Sono le 15, e un silenzio tipico di quell’ora avvolge la mia anima, passo dopo passo. Cammino quasi per inerzia, come se non sapessi dove stessi andando, ma in fondo la mia meta la conosco, la conosco bene.
Davanti a me si allunga una salita che sembra infinita, ogni passo la fa apparire più ripida. Il sole, in pieno luglio, scalda la testa un po’ troppo, ma è normale, mi ripeto, sarebbe strano il contrario. Vi capita mai di attraversare strade che trasformano il vostro umore? Strade che vi catturano per la bellezza dei dettagli che le definiscono? Questa è una di quelle vie.
Qui, tra il verde del parco e le palazzine che si ergono sull’altro lato, si trova un piccolo campo da basket, incastonato in un angolo. In estate, questo angolo prende vita: ragazzi e ragazze che si passano una palla logora, voci, risate. È come se diventasse il cuore pulsante di tutto il parco.

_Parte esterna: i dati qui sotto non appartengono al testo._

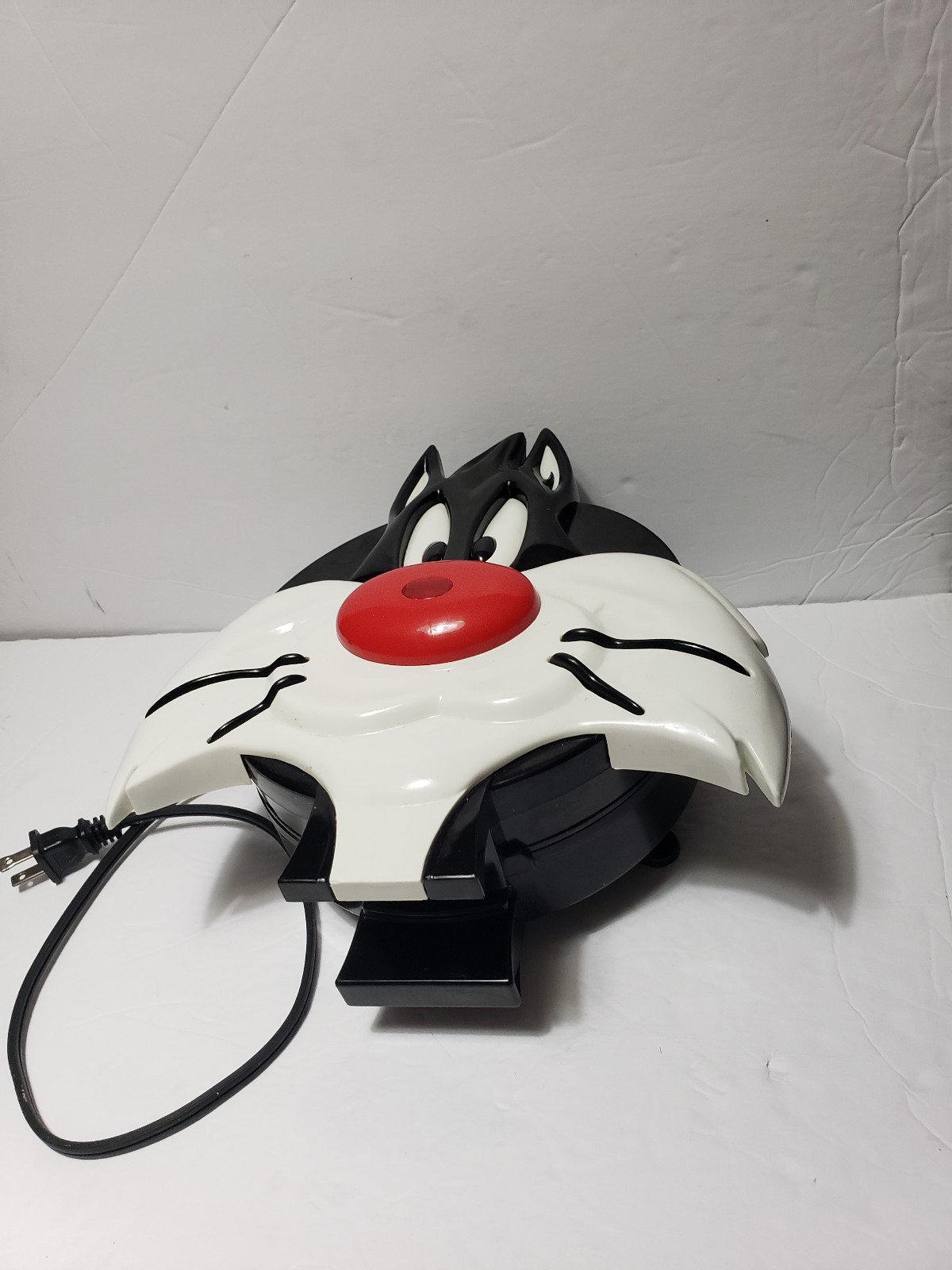 LOONEY TUNES By Salton **Sylvester & Tweety** Waffle Maker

Ma oggi è diverso. È presto o forse è solo un giorno speciale, non so. Non c’è nessuno. Solo un ragazzo, immerso nella sua solitudine, con la stessa determinazione di una nonna che infila il filo in un ago, cerca di fare canestro. Mi fermo e lo guardo. E penso: quanta fatica e quanta costanza gli è costata fino a quel momento? E quanta ancora ne servirà?

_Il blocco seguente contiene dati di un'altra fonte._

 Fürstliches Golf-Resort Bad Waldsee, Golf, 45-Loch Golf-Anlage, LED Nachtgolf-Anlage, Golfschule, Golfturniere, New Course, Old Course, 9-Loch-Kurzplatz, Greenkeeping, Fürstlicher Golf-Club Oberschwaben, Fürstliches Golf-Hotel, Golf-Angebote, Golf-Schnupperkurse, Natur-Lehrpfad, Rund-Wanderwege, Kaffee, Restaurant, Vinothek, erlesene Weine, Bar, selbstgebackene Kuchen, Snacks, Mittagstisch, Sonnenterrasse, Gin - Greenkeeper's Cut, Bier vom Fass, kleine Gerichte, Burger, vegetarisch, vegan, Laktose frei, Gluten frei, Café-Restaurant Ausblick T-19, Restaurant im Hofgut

Da quell’attimo è nata un’idea: un’illustrazione semplice, ma estremamente potente. Un ragazzo, una palla, e un canestro.

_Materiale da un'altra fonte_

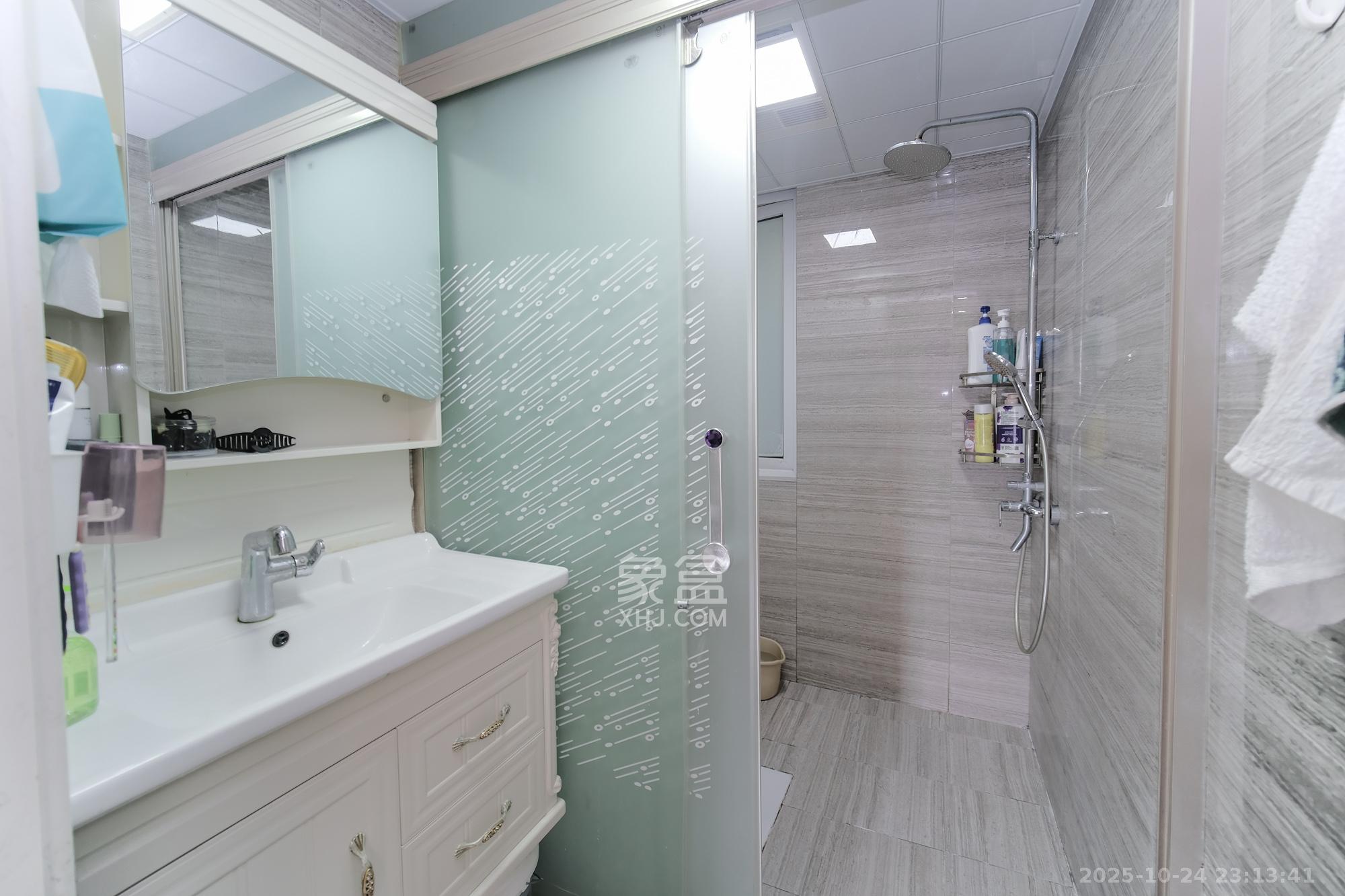 山水湾  3室2厅2卫    86.8万卫生间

Un ragazzo, una palla e un canestro. Questo è il nome della mia illustrazione. È il pensiero che lo sport, e in questo caso il basket, sia un viaggio individuale, un impegno che facciamo per noi stessi, in solitudine. Uso il basket come metafora, ma è un’immagine adattabile a qualunque altro percorso: l’obiettivo davanti a noi, e tutta la dedizione che mettiamo per arrivarci.